*TASK BRIEF*. From the line with "標識が新しくなってる😳" to the final line of the records, every line is to be duplicated exactly, both of those lines included.

*DATASET RECORDS*.
-*-

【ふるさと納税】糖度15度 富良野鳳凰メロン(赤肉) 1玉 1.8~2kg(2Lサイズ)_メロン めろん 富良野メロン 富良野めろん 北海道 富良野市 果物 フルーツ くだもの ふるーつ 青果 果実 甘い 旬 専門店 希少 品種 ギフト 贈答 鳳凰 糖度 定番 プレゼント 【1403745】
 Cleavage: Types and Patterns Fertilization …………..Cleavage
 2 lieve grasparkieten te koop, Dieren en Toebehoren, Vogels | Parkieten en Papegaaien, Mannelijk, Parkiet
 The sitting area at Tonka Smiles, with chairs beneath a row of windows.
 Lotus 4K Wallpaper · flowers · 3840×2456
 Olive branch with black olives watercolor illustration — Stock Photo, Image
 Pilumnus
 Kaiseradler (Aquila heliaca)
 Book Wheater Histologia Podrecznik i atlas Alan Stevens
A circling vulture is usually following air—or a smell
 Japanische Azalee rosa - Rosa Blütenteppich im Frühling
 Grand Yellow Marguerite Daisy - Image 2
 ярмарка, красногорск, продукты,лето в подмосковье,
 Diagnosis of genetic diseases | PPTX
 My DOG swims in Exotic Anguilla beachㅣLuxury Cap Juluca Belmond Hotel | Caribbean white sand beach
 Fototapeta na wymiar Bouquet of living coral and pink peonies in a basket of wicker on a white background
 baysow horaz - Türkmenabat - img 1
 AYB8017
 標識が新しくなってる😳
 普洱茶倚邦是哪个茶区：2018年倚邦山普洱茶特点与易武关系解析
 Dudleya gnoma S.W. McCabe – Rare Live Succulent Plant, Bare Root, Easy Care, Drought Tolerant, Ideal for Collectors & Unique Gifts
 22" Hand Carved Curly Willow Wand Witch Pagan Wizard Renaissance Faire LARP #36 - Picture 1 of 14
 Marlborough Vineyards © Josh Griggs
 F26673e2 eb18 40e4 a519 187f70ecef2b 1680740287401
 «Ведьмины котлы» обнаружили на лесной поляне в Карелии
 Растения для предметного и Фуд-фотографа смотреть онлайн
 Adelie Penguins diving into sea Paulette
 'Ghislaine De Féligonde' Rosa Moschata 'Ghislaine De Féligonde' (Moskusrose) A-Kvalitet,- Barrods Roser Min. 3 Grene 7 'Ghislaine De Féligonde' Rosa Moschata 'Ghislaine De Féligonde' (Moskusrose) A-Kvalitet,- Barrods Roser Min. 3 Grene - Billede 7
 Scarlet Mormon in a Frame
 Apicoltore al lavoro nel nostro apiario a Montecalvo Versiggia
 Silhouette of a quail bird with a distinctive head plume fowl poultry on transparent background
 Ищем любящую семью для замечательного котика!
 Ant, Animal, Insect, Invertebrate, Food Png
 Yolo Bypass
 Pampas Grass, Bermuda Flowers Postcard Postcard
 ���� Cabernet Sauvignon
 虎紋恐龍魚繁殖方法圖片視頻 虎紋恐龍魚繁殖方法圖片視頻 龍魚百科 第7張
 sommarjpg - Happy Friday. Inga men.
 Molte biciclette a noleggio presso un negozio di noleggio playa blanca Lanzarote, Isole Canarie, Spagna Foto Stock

-*-

*OUTPUT OF THE TASK*.
 標識が新しくなってる😳
 普洱茶倚邦是哪个茶区：2018年倚邦山普洱茶特点与易武关系解析
 Dudleya gnoma S.W. McCabe – Rare Live Succulent Plant, Bare Root, Easy Care, Drought Tolerant, Ideal for Collectors & Unique Gifts
 22" Hand Carved Curly Willow Wand Witch Pagan Wizard Renaissance Faire LARP #36 - Picture 1 of 14
 Marlborough Vineyards © Josh Griggs
 F26673e2 eb18 40e4 a519 187f70ecef2b 1680740287401
 «Ведьмины котлы» обнаружили на лесной поляне в Карелии
 Растения для предметного и Фуд-фотографа смотреть онлайн
 Adelie Penguins diving into sea Paulette
 'Ghislaine De Féligonde' Rosa Moschata 'Ghislaine De Féligonde' (Moskusrose) A-Kvalitet,- Barrods Roser Min. 3 Grene 7 'Ghislaine De Féligonde' Rosa Moschata 'Ghislaine De Féligonde' (Moskusrose) A-Kvalitet,- Barrods Roser Min. 3 Grene - Billede 7
 Scarlet Mormon in a Frame
 Apicoltore al lavoro nel nostro apiario a Montecalvo Versiggia
 Silhouette of a quail bird with a distinctive head plume fowl poultry on transparent background
 Ищем любящую семью для замечательного котика!
 Ant, Animal, Insect, Invertebrate, Food Png
 Yolo Bypass
 Pampas Grass, Bermuda Flowers Postcard Postcard
 ���� Cabernet Sauvignon
 虎紋恐龍魚繁殖方法圖片視頻 虎紋恐龍魚繁殖方法圖片視頻 龍魚百科 第7張
 sommarjpg - Happy Friday. Inga men.
 Molte biciclette a noleggio presso un negozio di noleggio playa blanca Lanzarote, Isole Canarie, Spagna Foto Stock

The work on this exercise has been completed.